**Exercise directions:**
What you return should be the lines of the data containing "Small", each in full.

[Stored dataset items]
§ §

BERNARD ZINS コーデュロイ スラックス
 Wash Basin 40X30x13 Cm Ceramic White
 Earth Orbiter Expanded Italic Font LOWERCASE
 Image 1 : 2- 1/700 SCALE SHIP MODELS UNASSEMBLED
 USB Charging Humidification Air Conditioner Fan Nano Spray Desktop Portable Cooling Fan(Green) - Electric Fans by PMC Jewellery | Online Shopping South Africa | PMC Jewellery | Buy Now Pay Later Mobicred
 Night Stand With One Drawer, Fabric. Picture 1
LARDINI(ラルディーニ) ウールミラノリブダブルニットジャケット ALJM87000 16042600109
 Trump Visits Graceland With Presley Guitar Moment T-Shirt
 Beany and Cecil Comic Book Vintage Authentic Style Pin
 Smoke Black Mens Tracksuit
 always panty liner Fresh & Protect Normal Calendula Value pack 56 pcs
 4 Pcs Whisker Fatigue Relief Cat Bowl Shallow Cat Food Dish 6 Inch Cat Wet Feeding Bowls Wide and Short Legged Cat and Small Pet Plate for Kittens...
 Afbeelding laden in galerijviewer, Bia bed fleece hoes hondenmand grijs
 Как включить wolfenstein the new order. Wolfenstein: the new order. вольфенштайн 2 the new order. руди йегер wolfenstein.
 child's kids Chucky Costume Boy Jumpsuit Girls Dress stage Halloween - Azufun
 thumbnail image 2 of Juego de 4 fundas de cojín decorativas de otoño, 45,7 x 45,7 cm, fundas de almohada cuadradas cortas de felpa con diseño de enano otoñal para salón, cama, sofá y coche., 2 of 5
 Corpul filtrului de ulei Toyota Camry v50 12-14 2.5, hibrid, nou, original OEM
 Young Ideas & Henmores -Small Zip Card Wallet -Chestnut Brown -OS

§ §

**Finished exercise:**
 4 Pcs Whisker Fatigue Relief Cat Bowl Shallow Cat Food Dish 6 Inch Cat Wet Feeding Bowls Wide and Short Legged Cat and Small Pet Plate for Kittens...
 Young Ideas & Henmores -Small Zip Card Wallet -Chestnut Brown -OS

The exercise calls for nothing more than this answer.